Think tank europe

Relocating Productive Capacity to China? Or Elsewhere?

30/09/2008
Author : European Institute for Asian Studies (EIAS - Belgium)
By Prof Em Sylvain Plasschaert, University of Antwerp and Catholic University of Leuven
 
This paper attempts to chart and analyse the phenomenon of delocalisation, which is by no means a novel one, but which is no doubt accelerating in rapidly evolving and globalizing world arena, with a focus on China an the new EU Member States (MS) in Europe. It characterises subcontracting within the same country as externalisation whereas 'outsourcing' refers to subcontracting abroad, typically in a lower-cost location.

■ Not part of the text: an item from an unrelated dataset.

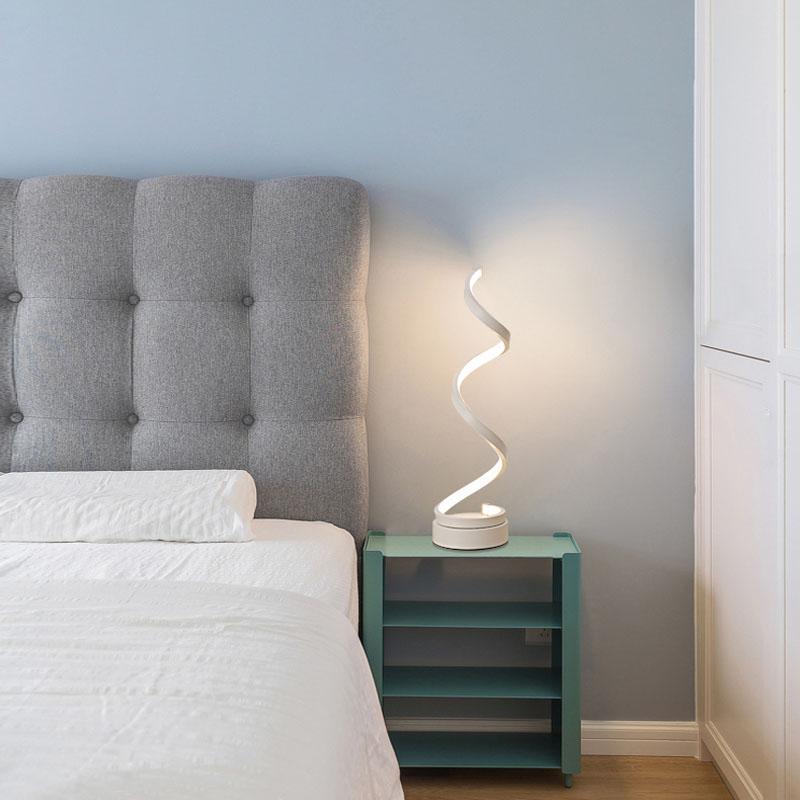 Modern, 20 W-os spirál alakú LED-es asztali lámpa | elesira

It looks at the two main categories of Foreign Direct Investments, namely those motivated by market-seeking and efficiency-seeking respectively. In recent years, China has become the most important recipient of FDI funds thereby dislodging the USA. China's recent accession to the WTO further stimulates the eagerness of foreign firms -- amongst them almost al large MNE's -- to set up production in China. The opening of great many service sectors to foreign participation appears to uinleash a new round of FDI's such as those of the large supermarket chains.

As regards FDI's, China presents a most favourable position, indeed which no other country can probably match, namely the (unbeatable?) combination of low wages and of other costs on the one hand, and of an alluring large domestic market, on the other hand. How does the group of new MS in Central Europe compare with China in terms of its capacity for attracting FDI's? Can they also be turned into an export platform for EU companies and perhaps become another 'workshop for the world'?

As these MS now belong to the overall single EUmarket exports from one new MS, say from Hungary, to another new MS or one of the EU-15 are no longer subject to import duties. A large number of parameters which would otherwise constrain inter-national transactions are now unified. Central Europe also presents a number of comparative advantages over West European markets with respect to the cost-minimizing variety of FDI: close proximity to these markets; much lower wages; cultural affinities and the option to join the Euro currency; a workforce with a hig level of technical skills and the scope for fragmented production to thrive due to an integrated market.